DOJ Has No Current Plan to Challenge Nuclear Power Plant Operators' Proposal, BNA's Antitrust & Trade Regulation Report

Friday, July 6, 2012

Reproduced with permission from Antitrust & Trade Regulation Report, 103 ATRR 10 (July 6, 2012). Copyright 2012 by The Bureau of National Affairs, Inc. (800-372-1033) <http://www.bna.com>

By Cecelia M. Assam

A proposal involving the sharing of existing resources, best practices, and coordination of joint planning and operational activities among seven nuclear power plant operators does not currently warrant an antitrust attack by the Justice Department, according to a July 3 business review letter to counsel for the proposed venture.

Stephen Paul Mahinka, of the Washington, D.C., office of Morgan, Lewis Bockius LLP, represented to DOJ that the proposed venture would be named the STARS Alliance LLC.

Based on the information provided in his request for review, the agency concluded that "it does not appear likely that the cooperative activities that STARS proposes to undertake will restrict competition."

The STARS Alliance participants are: Union Electric Co., with its Callaway plant in Missouri; Arizona Public Service Co., with its Palo Verde plant in Arizona; Luminant Generation Company LLC, with its Comanche Peak plant in Texas; Pacific Gas and Electric Co., with its Diablo Canyon plant in California; Southern California Edison Co., with its San Onofre plant in California; STP Nuclear Operating Co., with its STP plant in Texas; and Wolf Creek Nuclear Operating Co., with its Wolf Creek plant in Kansas.

Analysis

Acting Assistant Attorney General Joseph Wayland, Chief of DOJ's Antitrust Division, reiterated several assertions from Mahinka's request that factored into his no-action posture:

  • membership and participation in all the activities of STARS is voluntary;
  • STARS members would represent 13 of the 69 operating commercial nuclear pressurized water reactors in the United States and 13 of the 104 operating commercial nuclear reactors in the United States;
  • STARS members, for the most part, are in separate geographic areas and do not compete against each other for the sale of electricity;
  • in the two instances where members have reactors in the same electricity transmission organization (i.e., California and Texas), the members' nuclear units are not likely to have an impact on electricity prices given the structure of the organized markets and the particular characteristics of the plants at issue;
  • the members will be prohibited from sharing competitively-sensitive pricing or marketing information;
  • none of the contemplated activities involve the procurement of goods and services or the sale or purchase of electricity; and
  • STARS will not function as a standard-setting organization for the nuclear power industry.

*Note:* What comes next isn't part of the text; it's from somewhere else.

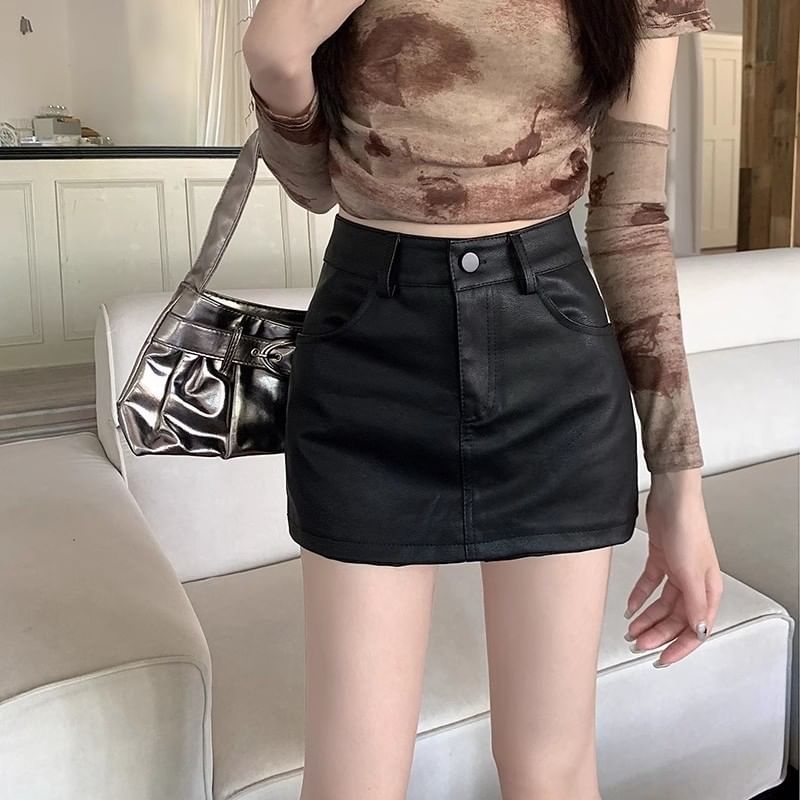 Faux Leather High Rise Pencil Mini Skirt in Solid Hue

Mahinka's request also indicated that the members propose to form STARS to operate as a "resource sharing organization" with the objectives of achieving "maximum efficiencies and the continued safe operation of nuclear power plants." In addition, the request claimed that the members believe their cooperative activities would be procompetitive by enhancing the efficiency of the members' operations, resulting in lower costs and the continued safe operation of nuclear plants.

"To the extent that the proposed cooperative activities increase efficiencies that result in lower costs, increased output (such as reductions in nuclear reactor outages that result in less downtime), or increased safety, the proposed conduct could have a procompetitive effect," Wayland responded.